La vie était simple et facile. Même si j'avais voulu, il n'y avait rien avec lequel je pouvais me casser le bicycle.

Mais hier, j'ai eu un choc en lisant le dernier Châtelaine spécial 50 ans. Derrière la porte de ma maison, tout n'était pas si rose. 1983, c'est l'année où un conjoint peut être inculpé d'agression sexuelle contre sa conjointe. Ce qui veut dire qu'avant l'entrée en vigueur de cette loi, un mari pouvait violer sans problème son épouse sans être puni par la justice! Trois ans plus tard, le Québec met en place une politique d'intervention en matière de violence conjuguale.

Ça m'a rappelé une histoire que m'avait raconté la mère d'une amie. En 1974, elle se sépare du père de sa fille qui lève la main un peu trop souvent sur elles. Pour obtenir la garde légale de son bébé, cette mère a dû être suivie pendant un an de temps par une travailleuse sociale qui devait établir si elle avait les capacités requises pour voir au bien-être de sa progéniture. Ensuite, elle a dû l'adopter en bonne et due forme! Sa propre fille!

N'importe quoi.

Ce ne sont pas des histoires qui remontent à quatre siècles. Non. C'était hier.

J'écris ces mots et mes trois filles sont ensemble au salon. Filou berce Sam. Max gosse sur l'ordi. Il y a Aurélie Laflamme dans le DVD. Pis, il y a de l'insouciance plein le salon.

Comme moi en 1983. Quand je pensais que le pire drame qui pouvait survenir dans la vie d'une femme, c'était de ne pas trouver de robe de mariée parfaite. Pas que c'était parfaitement légal pour un mari de violer son épouse.

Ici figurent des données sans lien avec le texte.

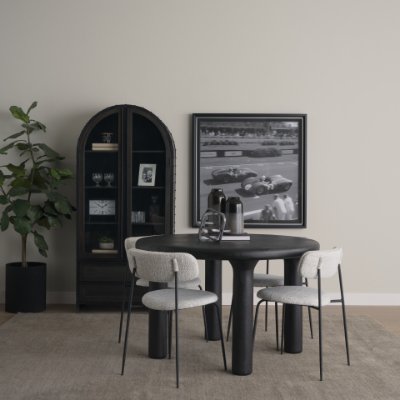 70883-AB - Soma Textured Black Mango Wood Round Dining Table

Je regarde mes poulettes et je suis heureuse de leur avoir donné la vie en ce siècle où tout sera possible pour elles. Où elles n'auront pas à se battre pour choisir un autre métier que celui de garde-malade ou de maîtresse d'école (dans les années 60, trois travailleuses sur cinq étaient enseignantes ou infirmières). Qu'elles pourront vivre sans crainte d'être jetées en prison si elles avortent (l'avortement est décriminalisé en 1988). Qu'elles pourront donner naissance où et avec qui elles voudront (la pratique sage-femme est officiellement reconnue par l'état en 1999 et il est permis d'accoucher à domicile depuis 2006). Où elles pourront bosser avec succès à l'extérieur du domicile familial (en 1973, sept femmes sur dix restaient à la maison). Où elles pourront aller jogger sans craindre de se faire violer au coin de la rue (à la fin des années 70, une femme sur trois admise aux urgences des hôpitaux avait été battue ou violée).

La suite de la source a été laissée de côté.